The court, however, did not say in its August decision whether the men already sentenced to death should still be executed. The court considered the issue separately by accepting the case of 29-year-old Powell, who was convicted in the fatal shooting of Georgetown police officer Chad Spicer.

The shooting occurred in September 2009 when Powell and two men arranged to rob another man during a marijuana deal. The robbery attempt went awry, and Powell fired at the fleeing man in the parking lot of a Georgetown McDonald's, according to court documents.

The incident led to a police chase that ended when Powell fired a shot at a police car, fatally wounding the 29-year-old officer and father, court documents said.

Powell was found guilty of first-degree murder and other charges in February 2011. He was sentenced to death in May of that year.

Spicer's mother, Ruth Ann, has been vocal in the past about the court not overturning Powell's death sentence, but a person who answered the phone at her house Thursday said she was not available to comment.

Justice James T. Vaughn Jr., listens to oral arguments in the case of D. Powell vs. State at the Delaware Supreme Court in Dover.

 

 

 

 

 

 

 

"All the evidence was submitted, and everything was there in black and white," she told the News Journal in August. "He [Powell] was guilty. The charges were found and they were applicable to the death penalty. So I feel that those people that went through a trial and their sentences were given to them, that is the sentence they were given.

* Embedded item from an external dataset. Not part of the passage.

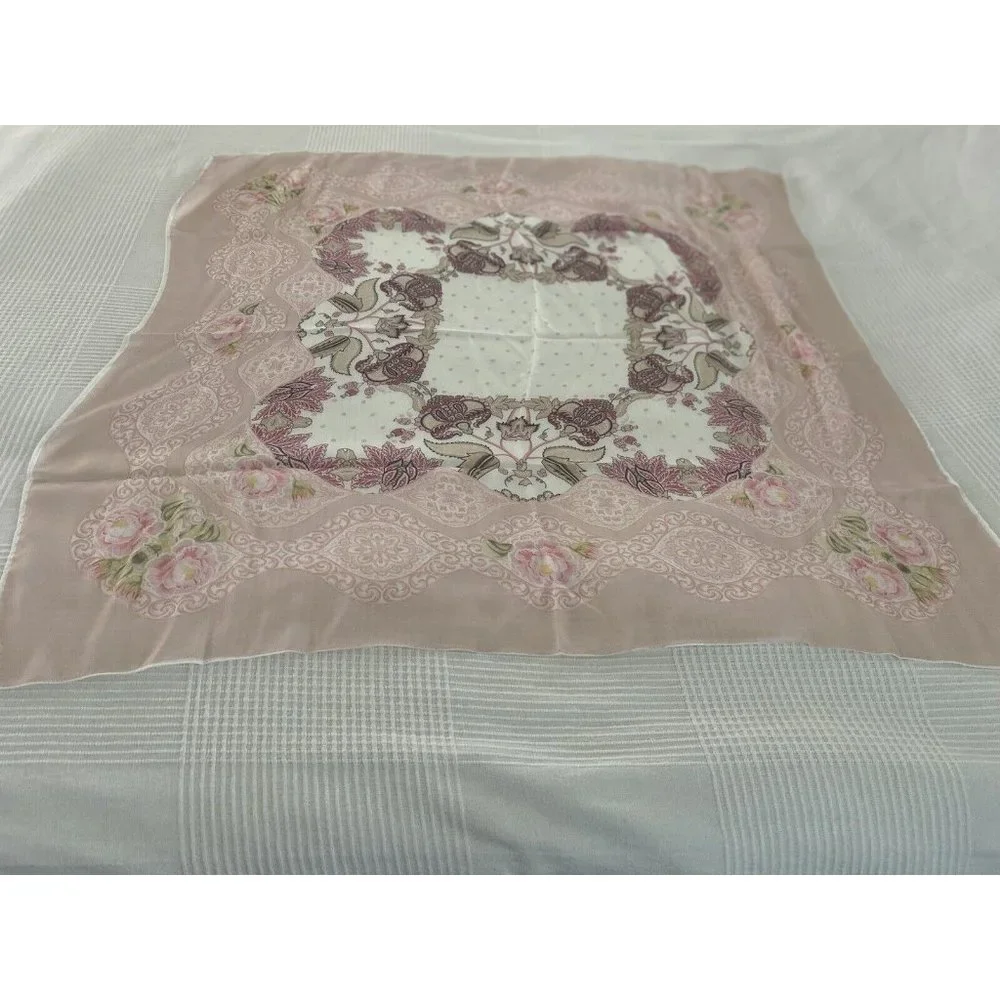 Scarf Me NIB‎ NWT Brazil Made Scarf 90x90 Pretty Roses Floral Pinks Giftable Box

That is the sentence they deserve."

Some of the men whose lives have now also been spared along with Powell include James E. Cooke Jr., convicted in the 2005 rape and murder of University of Delaware sophomore Lindsey Bonistall, and Craig Zebroski, convicted of killing a New Castle gas station attendant during a botched robbery attempt in 1996.

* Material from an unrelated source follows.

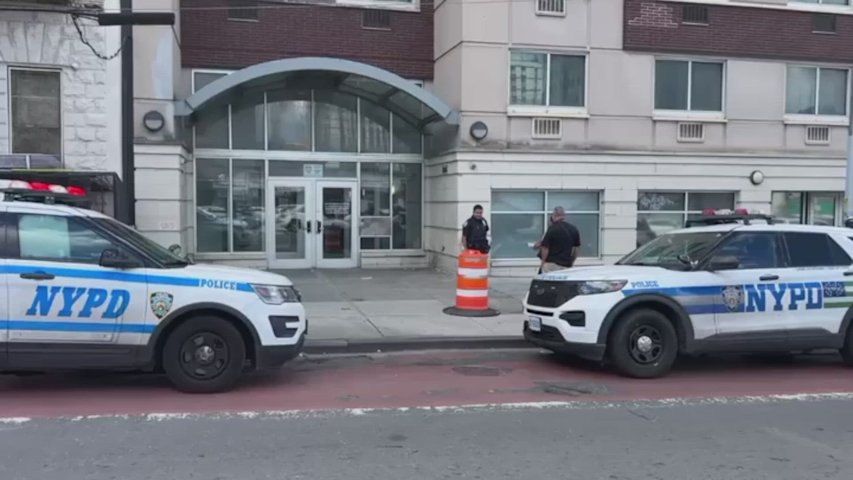 Video thumbnail for Apartment building employee shot during botched robbery in Melrose, sources say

Otis Phillips, the man convicted in the fatal shootings at a soccer tournament in Wilmington's Eden Park, was previously on death row, but prosecutors said he is no longer eligible for the death penalty since his case is still being heard on direct appeal.

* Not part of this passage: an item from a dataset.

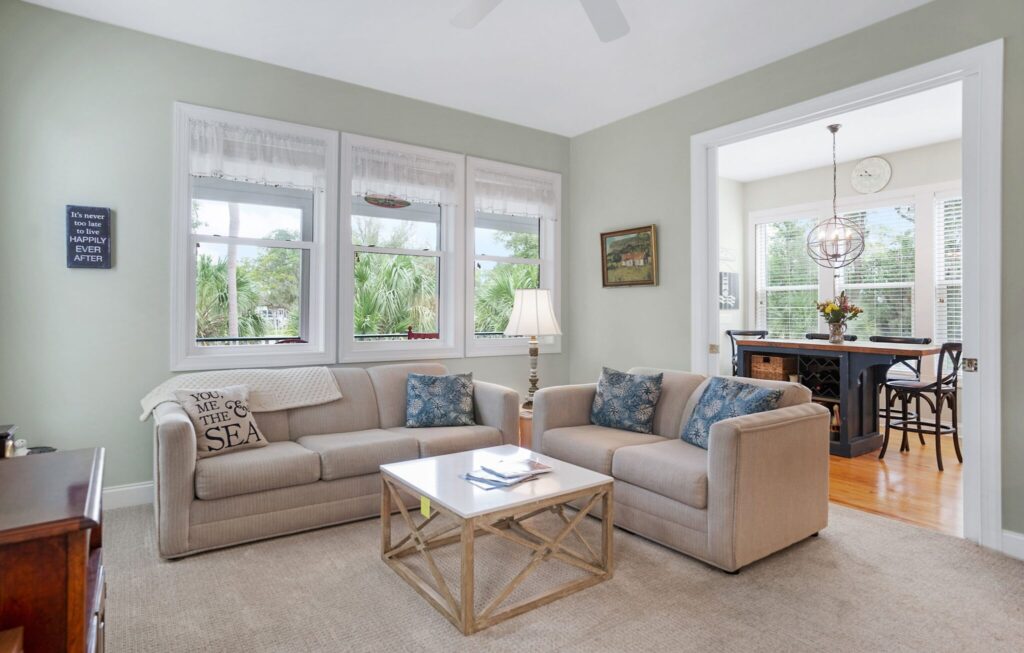 DSC01868-SMALL-scaled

At the heart of the issue before the court was whether the convicted murderers sentenced to death should be executed under a rule against retroactively applying new rulings on constitutional issues.

The five justices, including Justice James T. Vaughn Jr. who dissented in the August ruling, found that their prior decision to invalidate the death penalty law constituted a "new watershed procedural rule" that must be applied retroactively.

That decision is consistent with two prior ones in Delaware where the court vacated all death sentences after finding the law was unconstitutional. It occurred in 1973 when three prisoners were let off death row and then again four years later when nine prisoners had their sentences vacated.

"In my view, there was really no other alternative than to invalidate Mr. Powell's death sentence," O'Neill said.